§ **DIRECTIONS**: Please copy the records exactly as they appear, with all pictures left out.

§ **STORED DATA**:

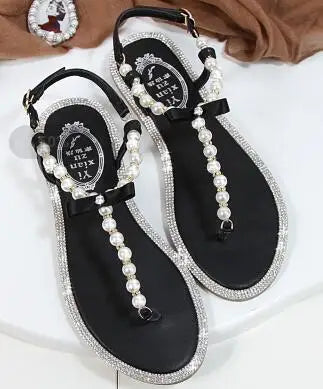Women sandals 2025 new summer shoes flat pearl sandals comfortable string bead beach slippers casual sandals pink white black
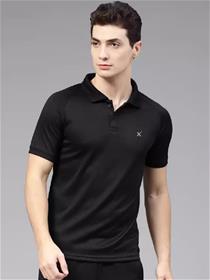 T- shirt men polo neck black t-shirt (f)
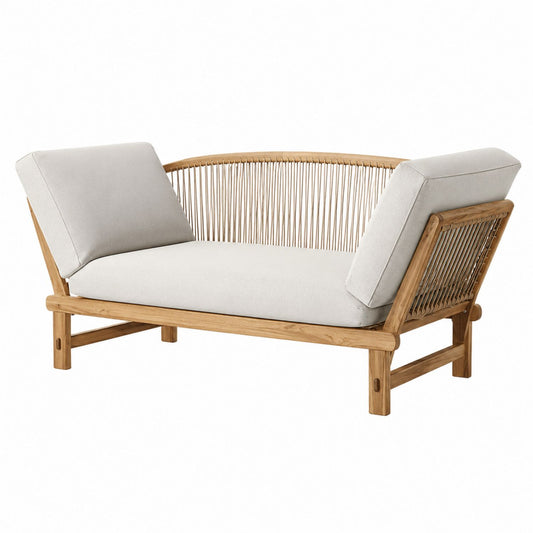 Teak Wood Outdoor Sofa with Beige Rope Backrest and Removable Cushions 200cm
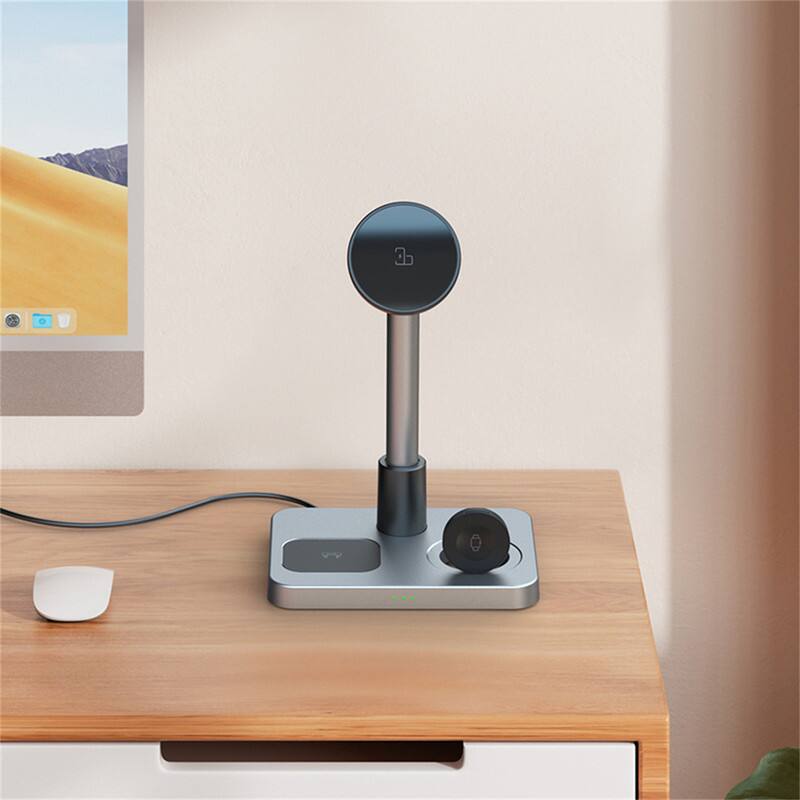 Alt View 1. SKRAN - 3-in-1 Wireless Charger -Magnetic Charging Station with Foldable Aluminum Alloy Stand,Magsafe Compatible for Apple,White - Beige.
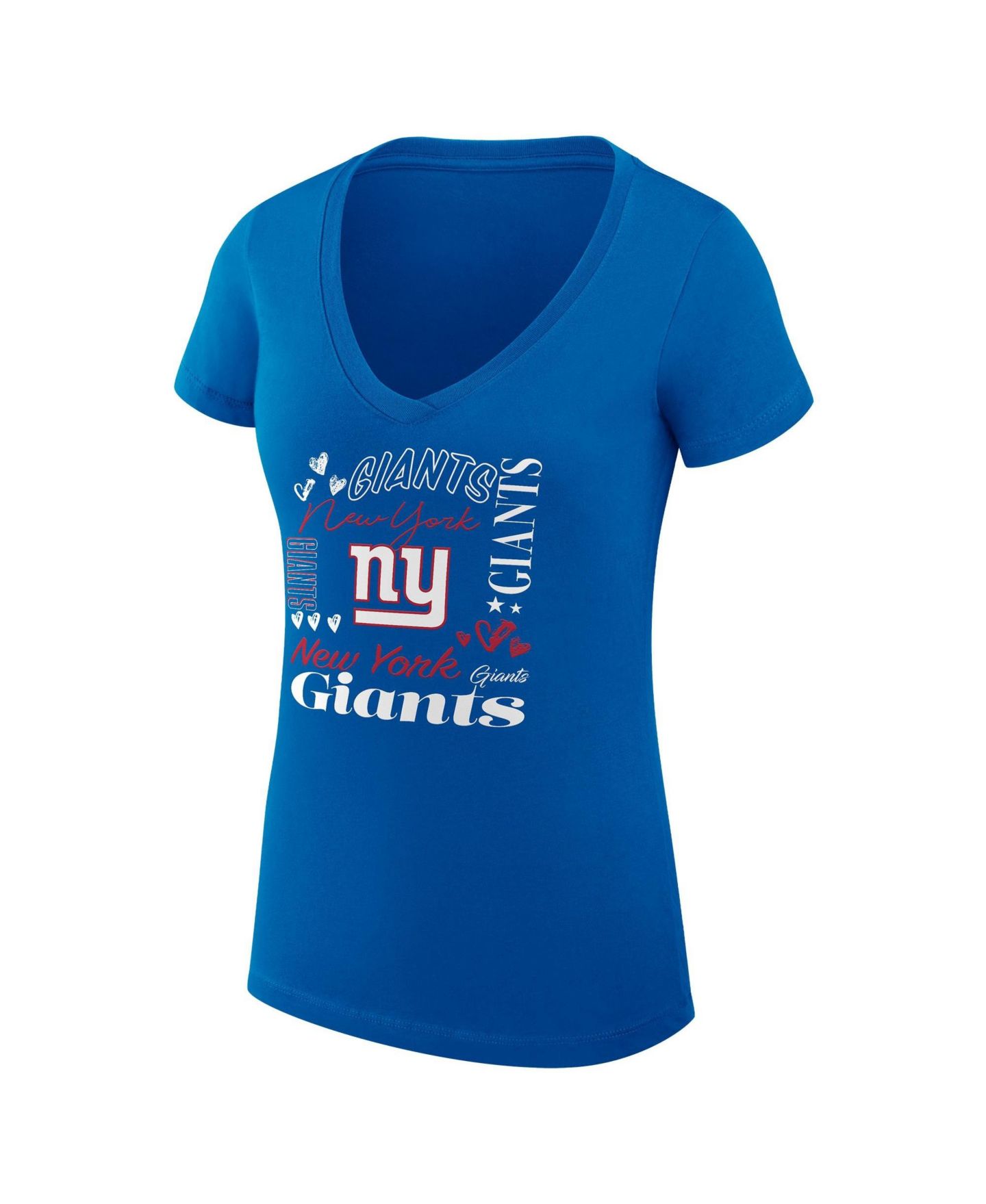 Женская футболка G-III 4Her by Carl Banks Royal New York Giants Super-Slim Fit Lightweight Collage Team V-Neck — фото 2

§ **RESULT**:
Women sandals 2025 new summer shoes flat pearl sandals comfortable string bead beach slippers casual sandals pink white black
 T- shirt men polo neck black t-shirt (f)
 Teak Wood Outdoor Sofa with Beige Rope Backrest and Removable Cushions 200cm
 Alt View 1. SKRAN - 3-in-1 Wireless Charger -Magnetic Charging Station with Foldable Aluminum Alloy Stand,Magsafe Compatible for Apple,White - Beige.
 Женская футболка G-III 4Her by Carl Banks Royal New York Giants Super-Slim Fit Lightweight Collage Team V-Neck — фото 2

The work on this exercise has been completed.